◆ About this exercise ◆
Lines below starting with the line with "ROUTER CNC WINTER ROUTERMAX ATC 2150 ECO" and going on through the line with "黄山自驾攻略游庐山路线图_黄山庐山旅游攻略_庐山黄山自驾游攻略" must be output exactly; the rest of the records must be left out.

◆ Dataset excerpts ◆

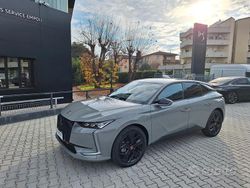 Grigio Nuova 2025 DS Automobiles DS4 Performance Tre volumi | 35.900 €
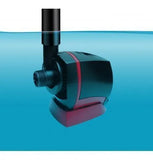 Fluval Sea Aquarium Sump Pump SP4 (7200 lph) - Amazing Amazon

---

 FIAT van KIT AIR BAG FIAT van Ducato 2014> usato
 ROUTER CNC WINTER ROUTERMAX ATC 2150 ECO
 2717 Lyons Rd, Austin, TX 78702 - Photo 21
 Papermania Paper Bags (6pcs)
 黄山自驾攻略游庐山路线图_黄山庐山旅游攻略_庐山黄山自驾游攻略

...

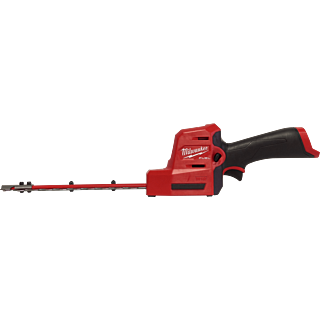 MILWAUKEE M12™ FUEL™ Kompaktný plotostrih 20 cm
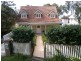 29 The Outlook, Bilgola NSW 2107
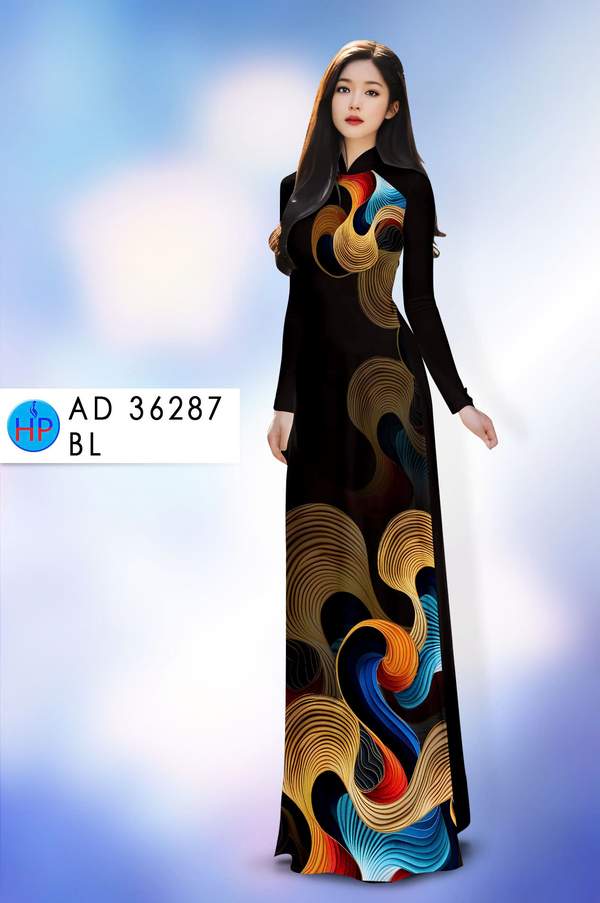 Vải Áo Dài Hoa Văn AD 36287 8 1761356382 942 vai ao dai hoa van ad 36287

◆ Answer for this exercise ◆
 ROUTER CNC WINTER ROUTERMAX ATC 2150 ECO
 2717 Lyons Rd, Austin, TX 78702 - Photo 21
 Papermania Paper Bags (6pcs)
 黄山自驾攻略游庐山路线图_黄山庐山旅游攻略_庐山黄山自驾游攻略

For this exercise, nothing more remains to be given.